YOUR TASK: Quote all lines below exactly. Images stay out.

INFORMATION SHOWN:
━━━━━━━━━━━━━━━━━━━━━━━━━━━━━━
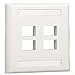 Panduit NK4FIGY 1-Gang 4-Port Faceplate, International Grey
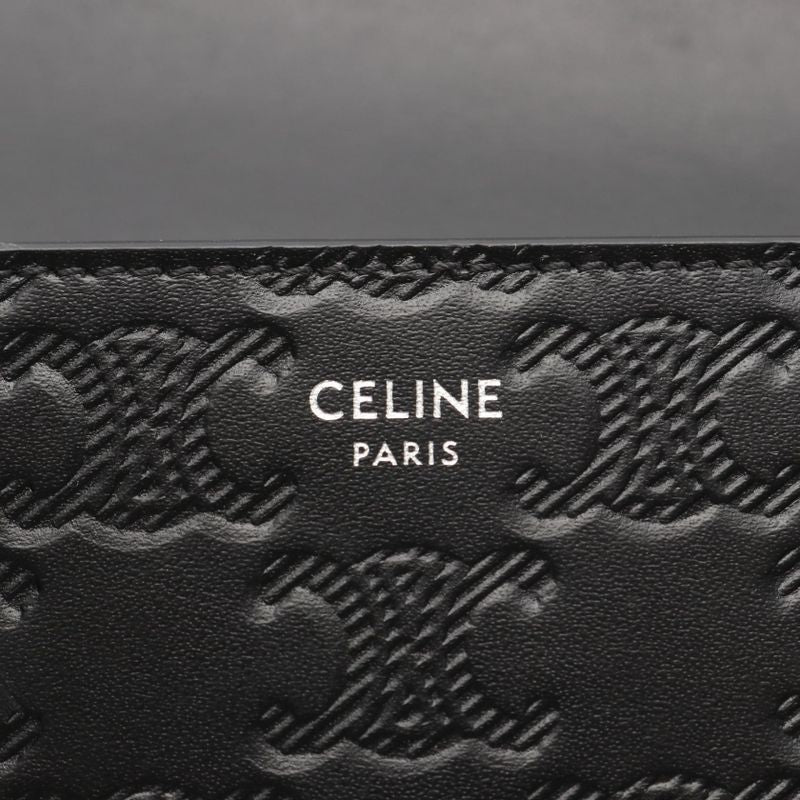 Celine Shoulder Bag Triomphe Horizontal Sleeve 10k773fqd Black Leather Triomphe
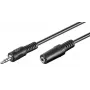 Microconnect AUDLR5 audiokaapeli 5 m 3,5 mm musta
━━━━━━━━━━━━━━━━━━━━━━━━━━━━━━
TASK ANSWER:
 Panduit NK4FIGY 1-Gang 4-Port Faceplate, International Grey
 Celine Shoulder Bag Triomphe Horizontal Sleeve 10k773fqd Black Leather Triomphe
 Microconnect AUDLR5 audiokaapeli 5 m 3,5 mm musta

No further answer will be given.